Allez, viens, on s’caaâaasse.

Allez, viens, on s’caaâaasse.

06/12/2018 0 Par Loup


Depuis que je suis rentrée de mon expédition chez les Pirates de Coucouron, le dernier week-end d’octobre, je n’ai pas pu repartir en balade.

Et le manque se fait sentir.

Je n’en peux plus, je suis en manque de bornes. Voir mon compteur stagner et avancer par tranches de dix ou vingt kilomètres par jour me déprime, et le seul à être ravi de cette situation, est mon portefeuille, qui remplit désormais plus souvent mon frigo que mon réservoir. Ô rage, Ô désespoir motard. ?

J’ai l’impression d’être rentrée dans un train-train quotidien certes plus agréable que le précédent, mais d’un fade terrible…

Car entre le blog à construire, et le nouveau travail où je dois faire mes preuves, j’ai d’autant plus besoin d’aller rouler, d’aller me changer les idées, loin.

Si je ne reprends pas les routes rapidement, je pense très sincèrement, et sans exagérer (promis!) que je vais craquer. Genre vouloir partir rouler, pis se retrouver loin; un peu comme l’autre jour, un après-midi, où j’avais atterris au milieu de champs de tournesols après avoir traversé deux départements, avant de retourner à la raison et de faire demi-tour.

Je prends pourtant tous les jours ma moto, pour aller et revenir du travail, faire des courses… Mais ce n’est pas la même chose que partir rouler “réellement”.

J’ai besoin de ma dose.

J’ai besoin de retrouver ma compagne de voyage, celle qui avale des heures et des centaines de kilomètres de bitume par jour, celle qui m’a portée sans faillir jusqu’en Italie, celle qui ronronne joyeusement dans chaque col et route viroleuse de notre belle Europe.
J’ai besoin de la retrouver, elle, avant que la monture de voyage ne se transforme en bête de transport aux pneus carrés, bonne à faire le trajet maison-boulot-maison et rien de plus.

Et là où le bas blesse, c’est que je n’ai plus le temps d’aller faire de vraies balades.

De celles qui font 300km, durent un après midi minimum et me dépaysent vraiment. De celles qui m’offrent les champs, les bois, la montagne, la plaine, les oiseaux, les troupeaux… Qui m’enchantent, m’arrachent sans peine aucune un sourire interminable et grisant.
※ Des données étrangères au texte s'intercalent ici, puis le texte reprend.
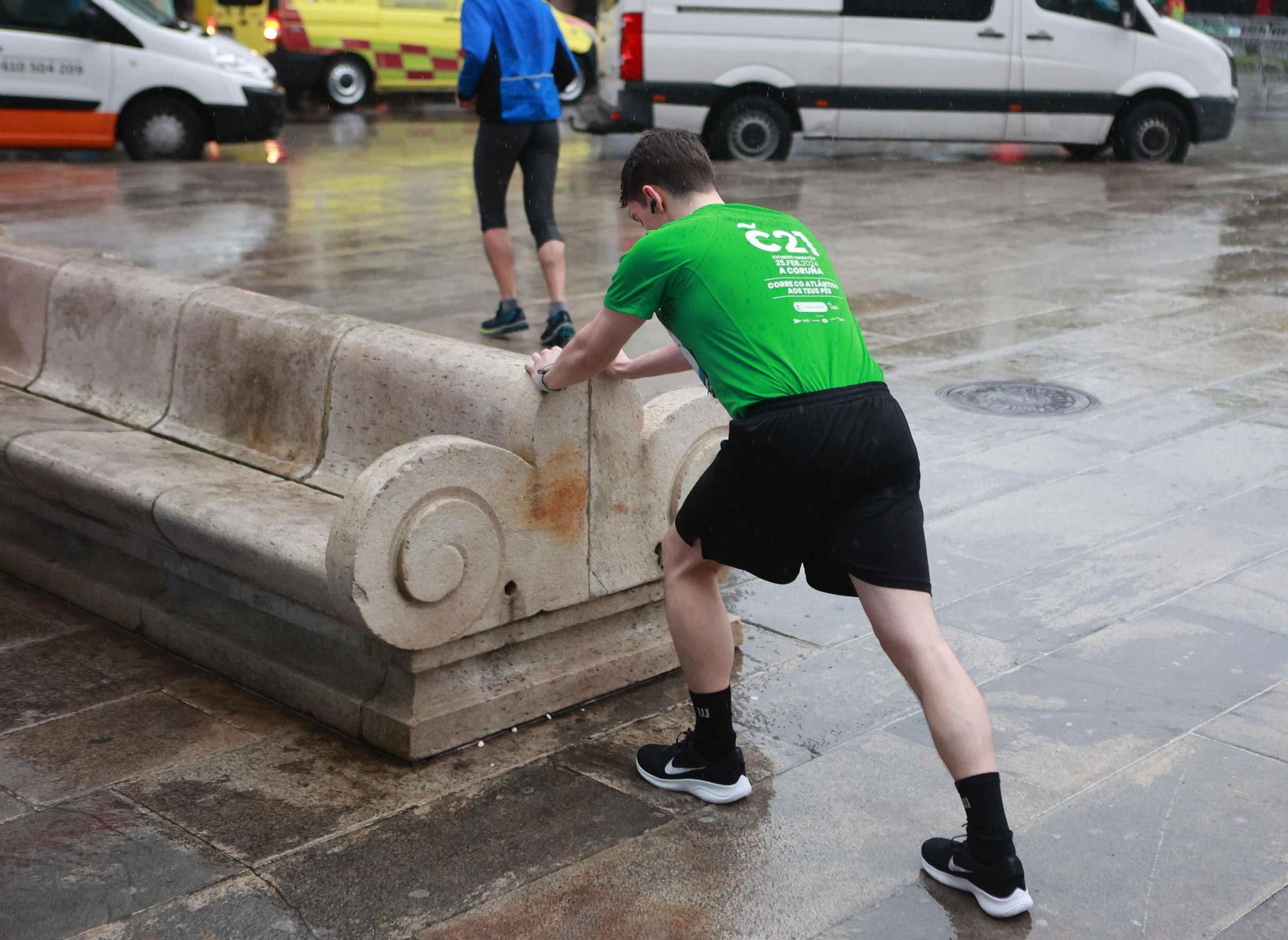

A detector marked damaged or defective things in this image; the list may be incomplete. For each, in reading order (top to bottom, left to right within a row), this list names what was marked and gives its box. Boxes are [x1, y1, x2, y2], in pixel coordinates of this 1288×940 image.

rust stain on stone [528, 445, 590, 541]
Qui redonnent des couleurs aux sons, du gout aux images, de la vie à la mienne.

J’ai souvent plaisanté sur ma dépendance naissante à la moto, “ça y est, j’suis accro“, “je me rend compte que je ne pourrais plus passer plus d’une semaine sans faire de moto“.
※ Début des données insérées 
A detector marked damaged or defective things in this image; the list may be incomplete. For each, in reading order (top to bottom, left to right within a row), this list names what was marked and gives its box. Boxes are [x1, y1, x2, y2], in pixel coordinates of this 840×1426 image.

Mais en vérité, c’est je pense bien plus qu’une simple addiction au fait de poser mon derrière sur ma brêle.

C’est le fait de partir, de découvrir, d’explorer, de vivre la route et ses aléas, qui m’a rendue accro.

Quand je serais grande, je ferais “voyageuse professionnelle”…

J’explorerai le monde, perchée sur deux roues, le vent passant entre mes doigts tendus, les pieds dans le givre ou le sable, et la tête dans les étoiles.